News

April 23, 2015

Not Another Metric

The release of Research Engagement for Australia by the Australian Academy of Technological Sciences and Engineering (ATSE) does not provide the needed balance to the Excellence in Research for Australia (ERA) assessment to recognise the excellence of university research in support of industry and public needs.

The IRU recognises the work ATSE has done to extract from current data metrics about engagement with research users in industry and the public sector. However, ATSE is wrong in its guiding assumption that a thorough qualitative assessment of the value of research for users outside the academic communities is not feasible.

With the third ERA to be completed in 2015, the Government should redirect the resources that support ERA to assessing the extent of industry driven research, with the next ERA to follow after the impact assessment.

ERA’s reinforcement of traditional assessments of standing has been major. Industry driven research has less standing in university culture than research that achieves great recognition amongst other researchers. Balancing those priorities, without diminishing the importance of investigator led research, will not be easy.

A parallel exercise to ERA to assess the real impact of a university’s research is a central element to changing the importance given to supporting industry driven research. Such an exercise must have a qualitative element. Like ERA, it must be benchmarked against an objective standard rather than being rankings-based. ATSE’s proposal does not do this.

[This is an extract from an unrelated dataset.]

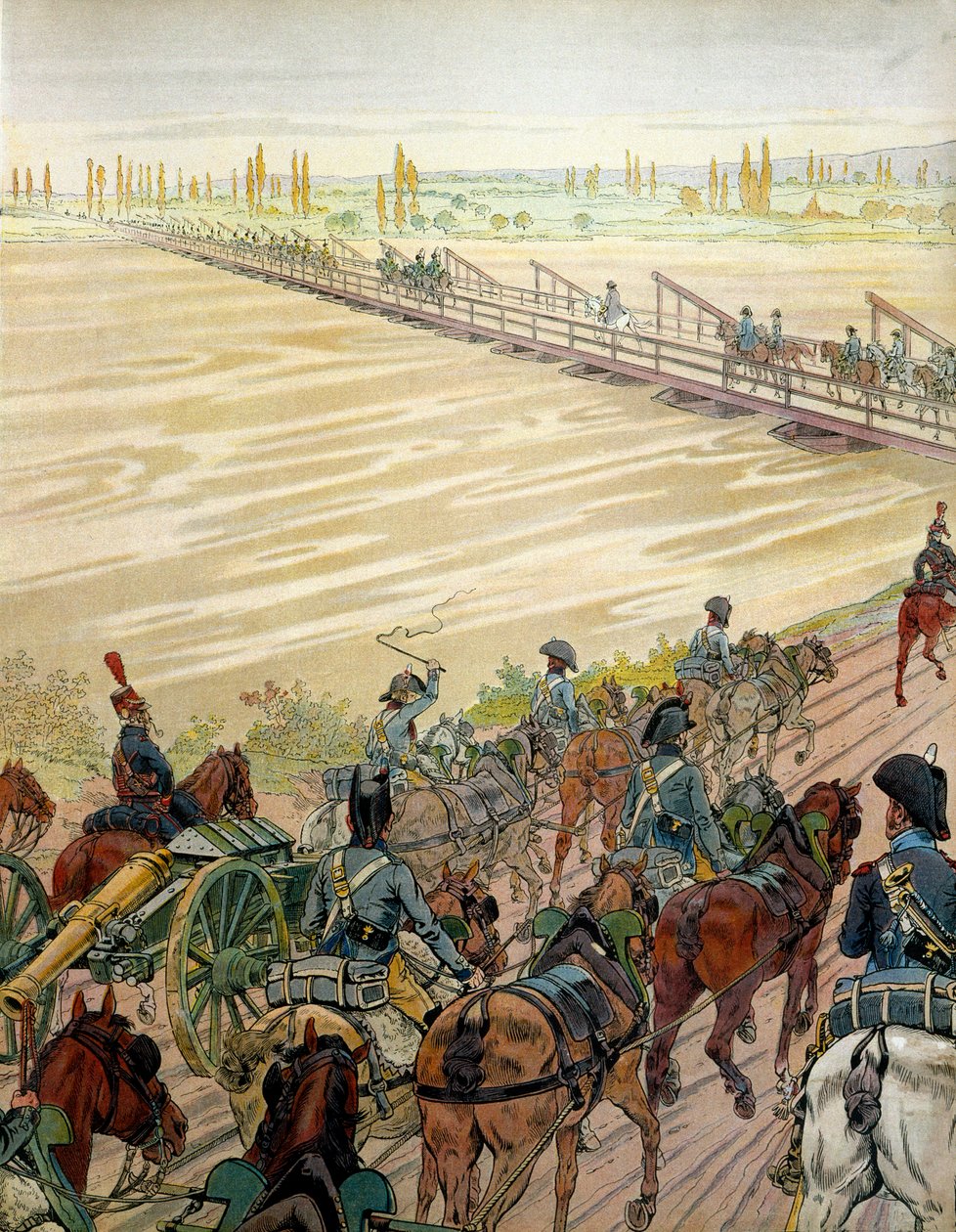 Napoleon I. Bonaparte (1769-1821) und seine Armee überquerten den Rhein am 1. Oktober 1805. In „Napoleon“ von Georges Montorgueil. Illustration von Jacques Marie Gaston Onfray de Breville, genannt JOB (1858-1931) von pseudonym for Onfray de Breville Jacques Job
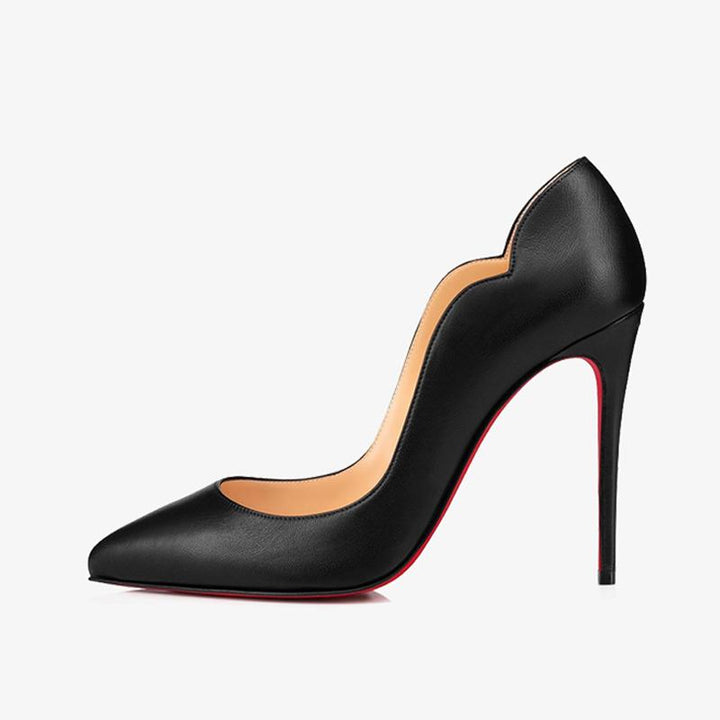 Luxurious Black Calf Leather Stiletto Pump - ARNO CONTI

IRU also has concerns about the detail of the ATSE approach:

  • it relies exclusively on financial input measures, when ‘impact’ is primarily about outcomes;
  • it ranks universities and then arbitrarily forces them into four sets with no clear basis to distinguish the groups. Comparisons with ERA ratings which it does are hence invalid. A true comparison requires a similar objective assessment of value
  • by design, the method will not capture all inputs, even for engagement with business, such as fee-for-service consultancy income;
  • there is much highly valuable research engagement, particularly with sectors other than business, that is transacted without substantial reliance on financial inputs.